Terror boss Rangzieb Ahmed loses conviction appeal
A man convicted of serious terrorism offences in the UK who claimed the UK was complicit in his torture in Pakistan has lost his appeal.
Rangzieb Ahmed, 34, from Greater Manchester, was convicted of membership of al-Qaeda and directing terrorism in December 2008.
He alleged he was unlawfully held and beaten, and his conviction should be quashed because the UK was complicit.
But his conviction was declared safe by three judges at the Court of Appeal.
Lord Justice Hughes, Mr Justice Owen and Mrs Justice Thirlwall made the ruling at the court in London.
A second man, Lancashire-born Habib Ahmed, who was sentenced to a total of 10 years in prison - nine for being a member of the terror group and an additional one year for possessing a document for terror-related purposes - also had his conviction appeal dismissed.
Rangzieb Ahmed, from Rochdale, was jailed for life in Manchester in 2008 after a lengthy investigation into a network of Islamists stretching from Manchester to Pakistan.
He was accused of playing a crucial role in linking British al-Qaeda sympathisers with commanders overseas. But prior to his return to the UK to face trial, he was held for more than a year in Pakistan.
During the appeal hearing in 2010, Rangzieb Ahmed's QC, Joel Bennathan, claimed he was beaten and had three of his fingernails pulled out with pliers over the course of three days - and that the UK was "complicit" in acts of torture.
He argued that the trial judge should have halted the proceedings against him as an abuse of process.
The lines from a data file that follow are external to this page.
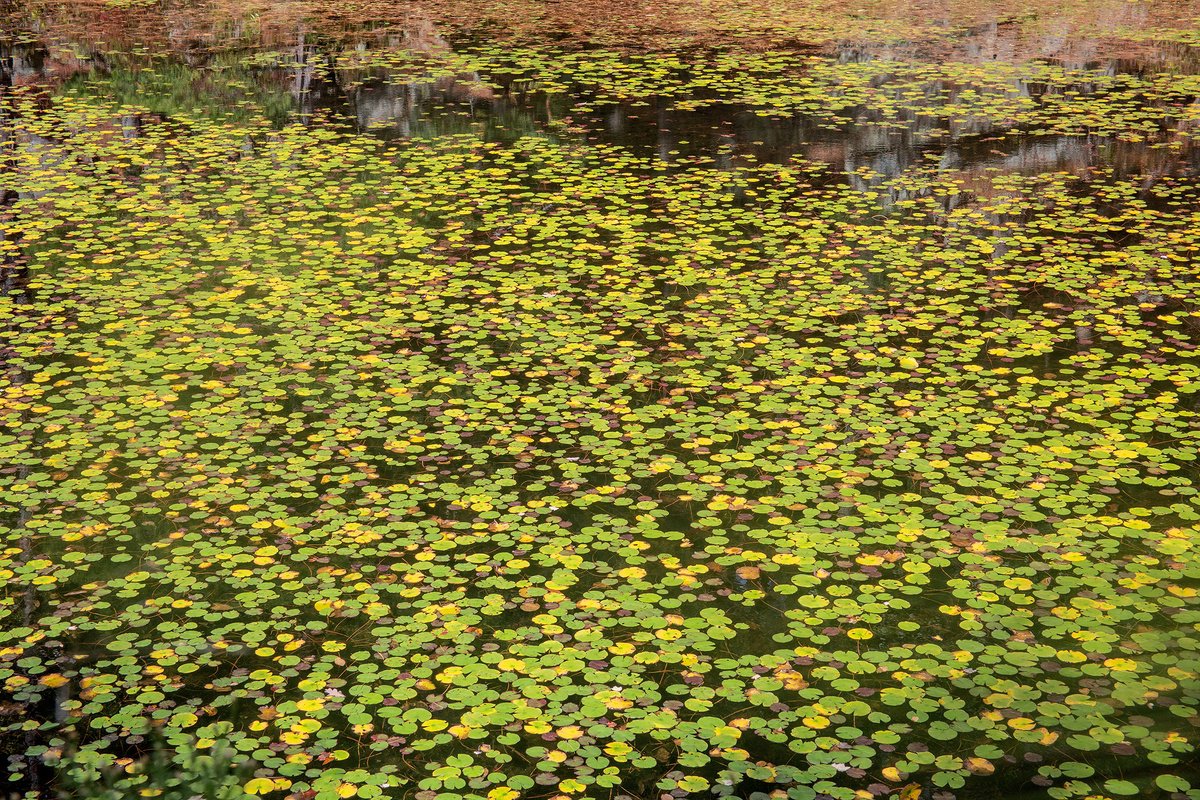 Photorealistic Landscape Photograph By Michael Filonow, 32 X 22", Harriman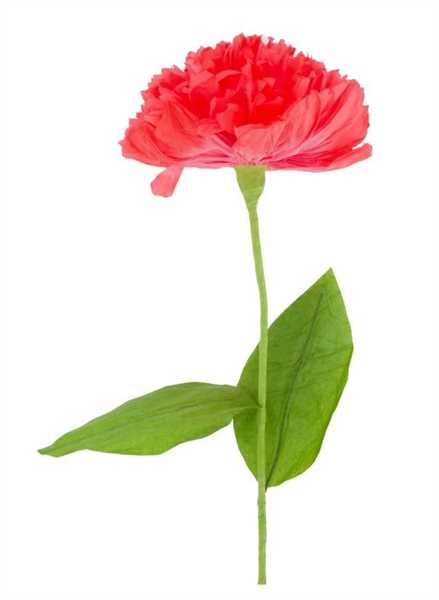 FIORE DI CARTA CM.18X78H ROSA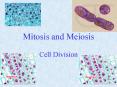 Mitosis and Meiosis PowerPoint PPT Presentation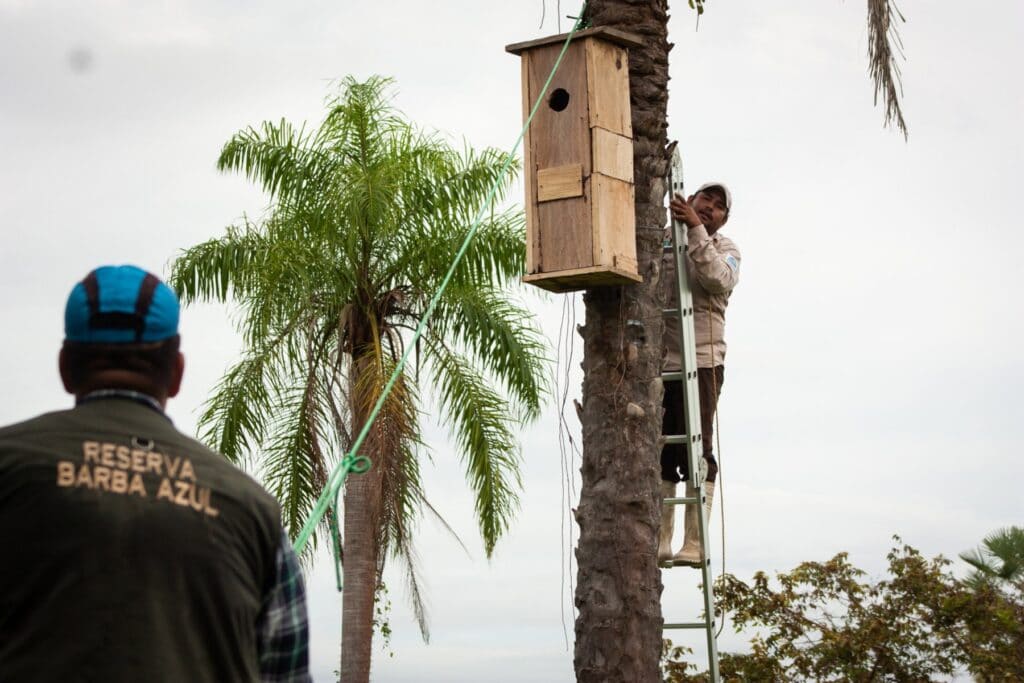 Artificial nest boxes have been key to the Blue-throated Macaw's recovery © Asociación Armonía
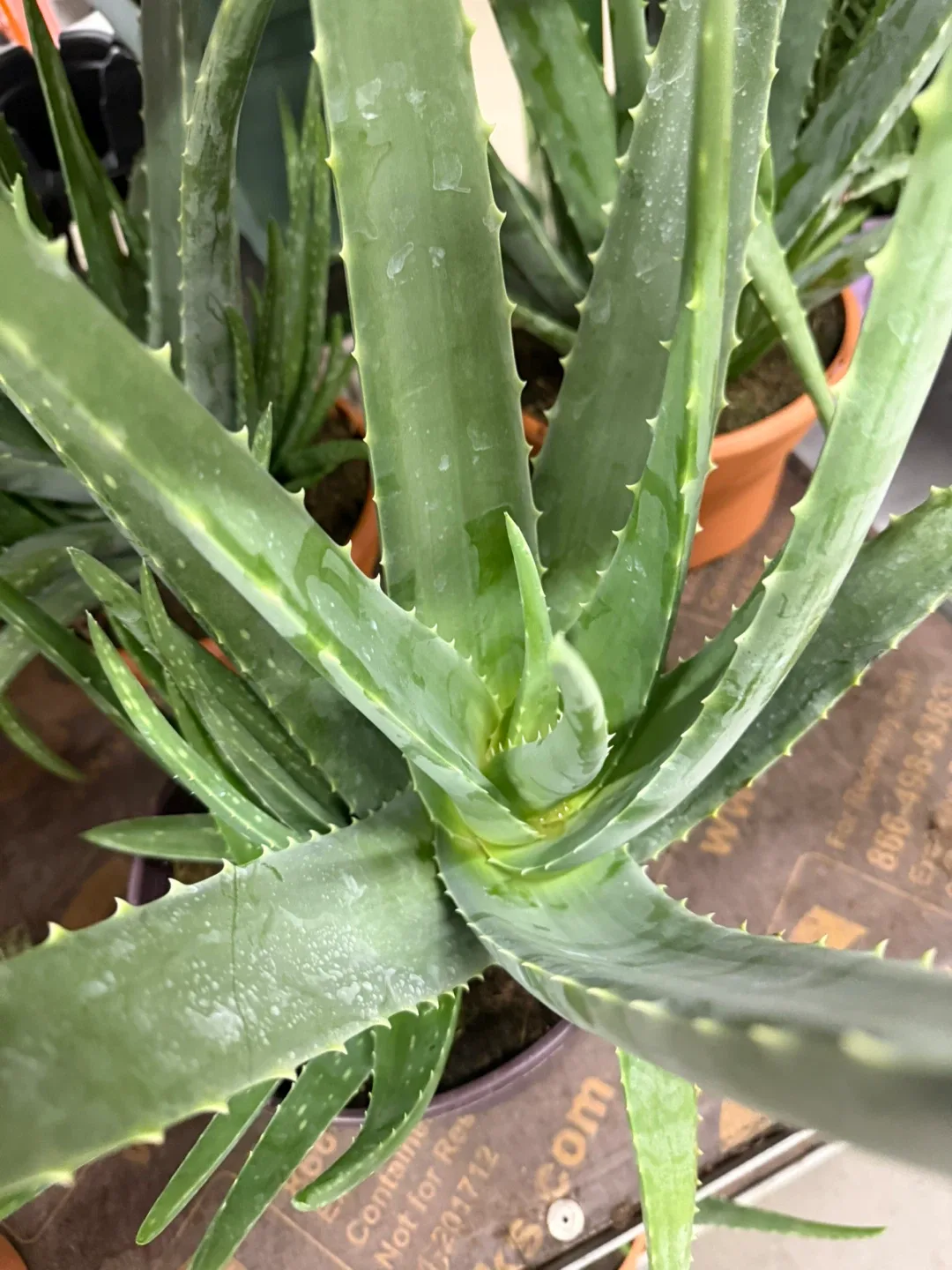 Aloe Vera plants sábila thumbnail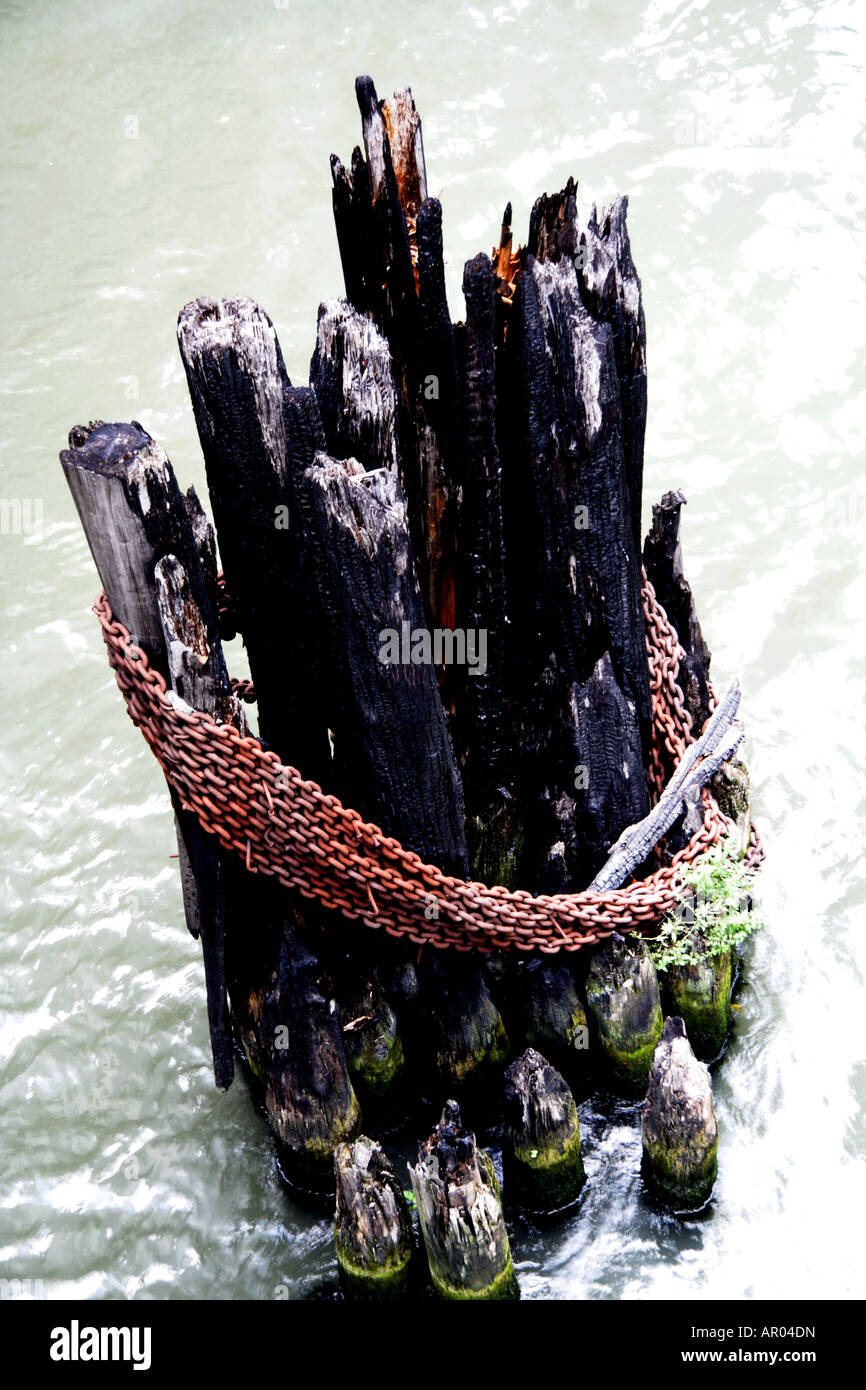 Wraped bois brûleur avec caine dans l'eau Banque D'Images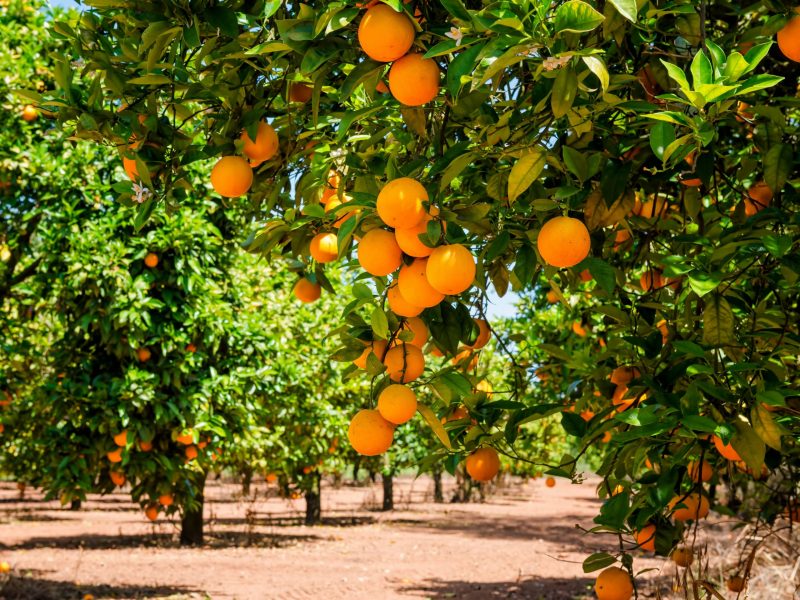 Costa Group acquires Central Queensland citrus operation in export push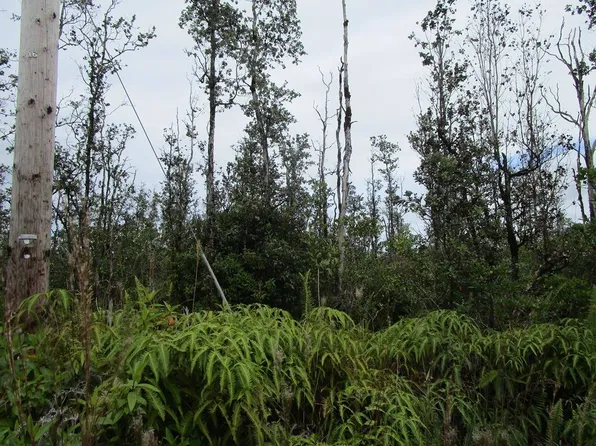 Road 6 Ooaa Lot 4460, Kurtistown, HI 96760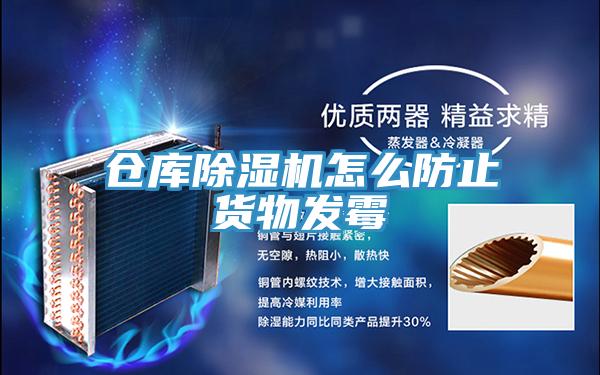 倉庫香蕉视频国产怎麽防止貨物發黴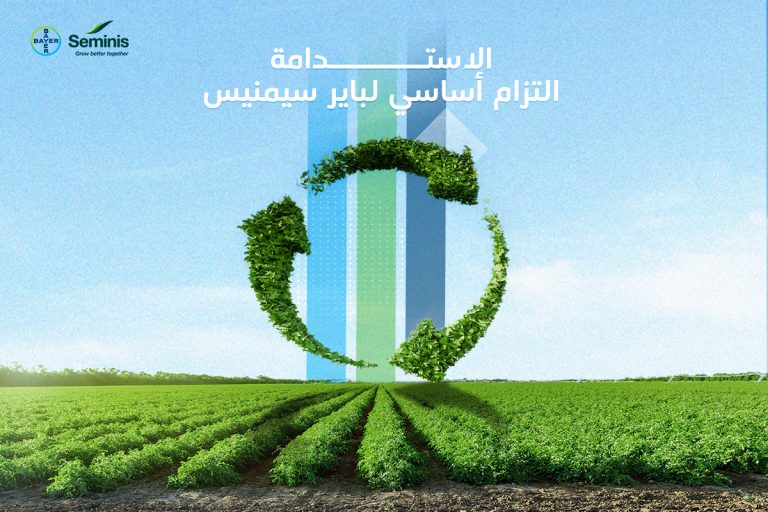 دليلك عن الزراعة المستدامة: كل ما تحتاج معرفته عن الاستدامة الزراعية في المحاصيل
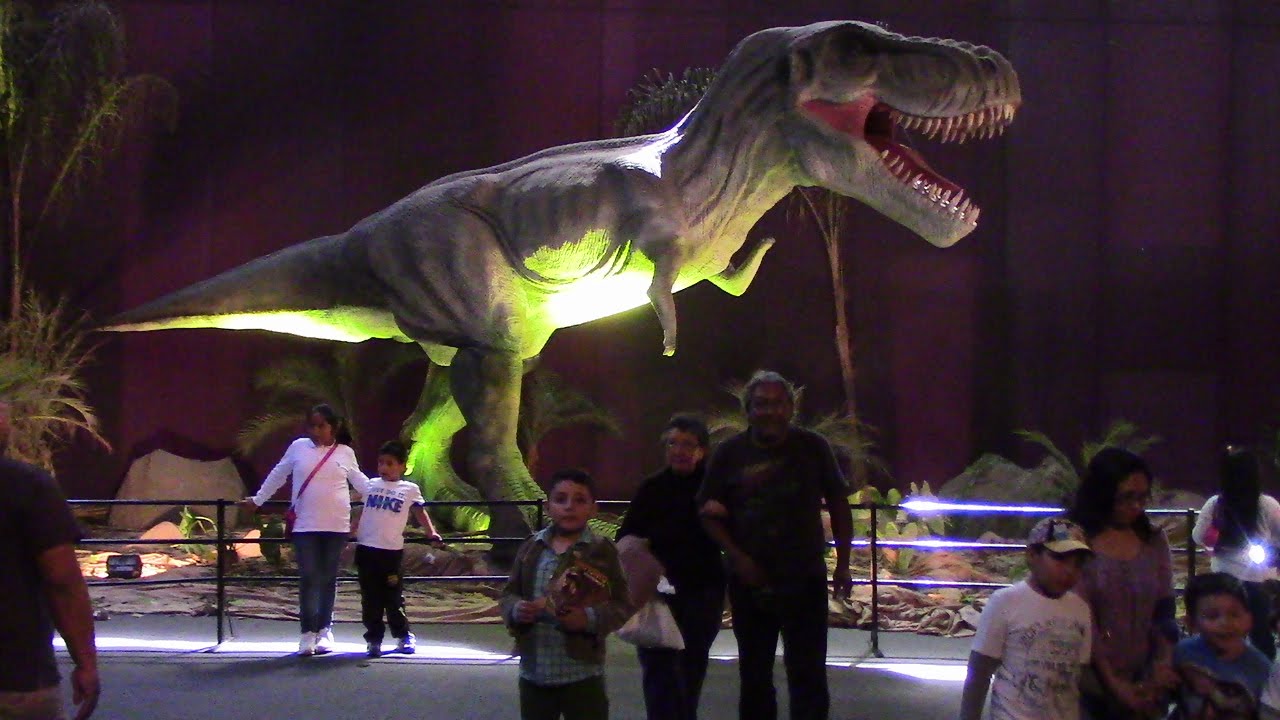 EL SHOW DE GINA EN EL ANIMATRONICS DE PLAZA LIMA NORTE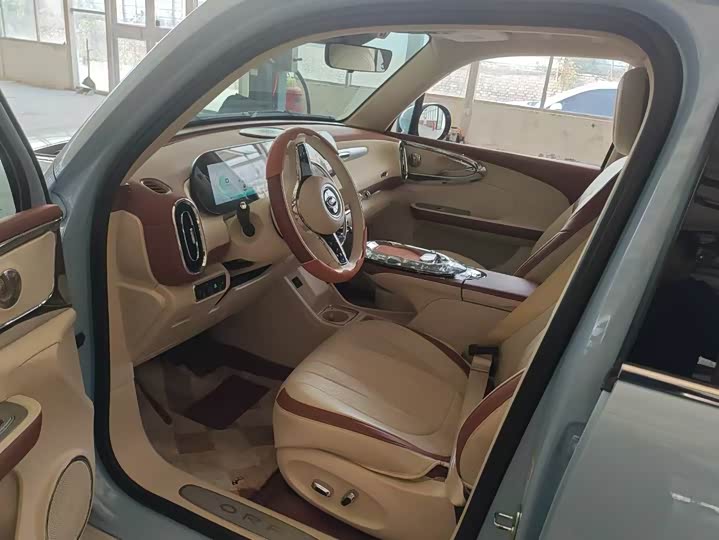 Фото 6 - Ora Ballet Cat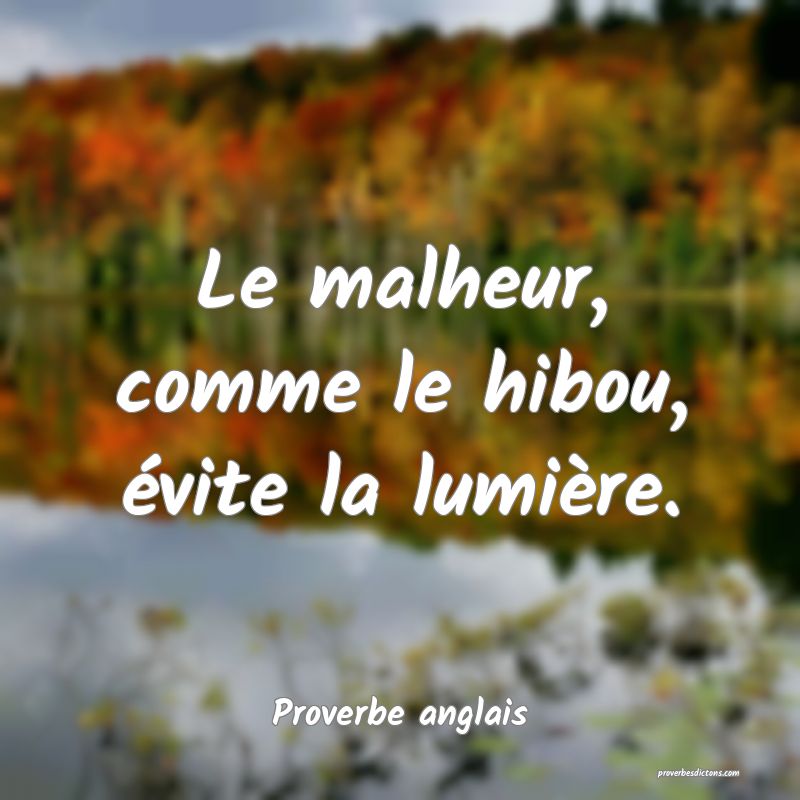 Le malheur, comme le hibou, évite la lumière.
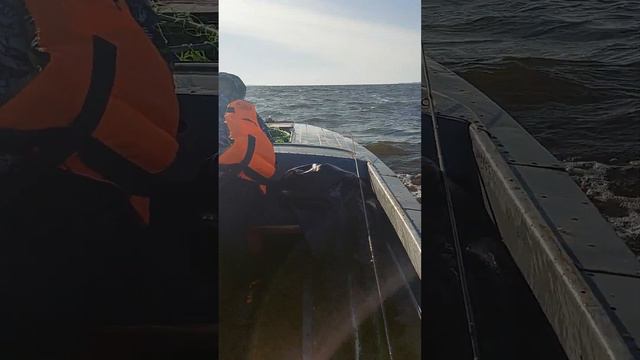обычная рыбалка осенью на Горьковском водохранилище,даже дети не бояться🤣 смотреть онлайн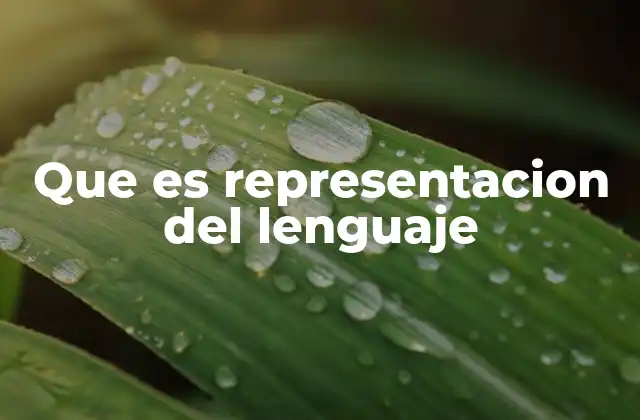 Cómo se estructura la representación del lenguaje en el cerebro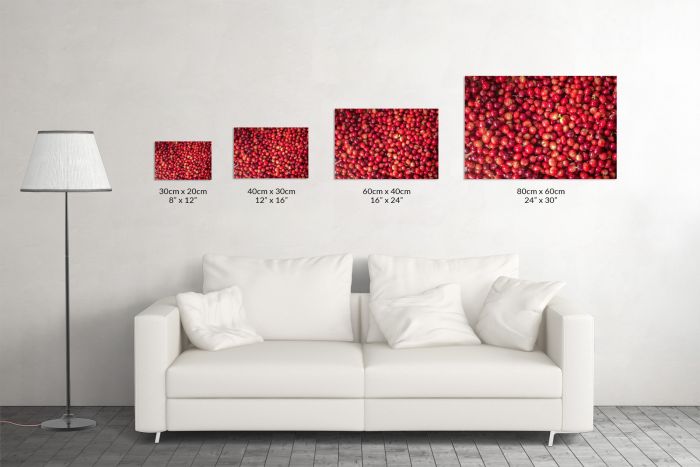 Canvas Print Coffee Beans Colombia Size Guide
But rejecting Rangzieb Ahmed's appeal on Friday, Lord Justice Hughes said the result of a pre-trial inquiry by the trial judge "was that torture had not been demonstrated to have occurred, and had been demonstrated not to have occurred before the sole occasion when Rangzieb said he had been seen by British officers".
Lord Justice Hughes said the trial judge had "expressly rejected the suggestion of outsourcing torture by British authorities".
The trial judge had found "simply no evidence that they had assisted or encouraged the Pakistani detainers to detain him unlawfully or to ill-treat him in any way, whether amounting to torture or not", he said.
The appeal judges ruled that the trial judge "was right to refuse to stay the prosecution against Rangzieb".
Lord Justice Hughes went on to say: "Torture is wrong. If it had occurred there could be no excuse for it, not even if Rangzieb was a suspected terrorist who might kill people.
"But the question was not whether it is wrong, but what consequences flow from it if it occurred."
He said the court was "satisfied that the necessary connection exists where the torture has an impact on the trial, but not otherwise".
He said: "Even if there had been torture whilst Rangzieb was in Pakistan, it had no bearing on the trial and there was no reason why the question of whether or not he was guilty of an antecedent crime in England should not be decided according to law."
They rejected all grounds of appeal in the cases of both men, who are not related, ruling that "these convictions by the jury are safe".
The judges refused Rangzieb Ahmed permission to appeal to the Supreme Court, but certified two questions of law of general public importance - which means that his lawyers can apply to the highest court in the land in a bid to take the case further.
In a statement, Chief Superintendent Tony Porter, head of the North West Counter-Terrorism Unit, said: "Following the appeals lodged by Rangzieb and Habib after their convictions, there was a lot of speculation and criticism of how we handled the investigation, and in particular about an abuse of process and torture.
"Today, I am pleased the Court of Appeal has dismissed all those claims and upheld the trial judge's findings."
He went on to say the North West Counter-Terrorism Unit did not "participate in, solicit, encourage or condone the use of torture or inhumane or degrading treatment".
"For reasons both ethical and legal, their policy is not to carry out any action which they know would result in torture or inhuman or degrading treatment and the Court of Appeal has recognised that.
"The principles we follow are that we always seek to act within the boundaries of the law and do not intentionally take any actions which could undermine any legal process. Today the Court of Appeal has also recognised that," he said.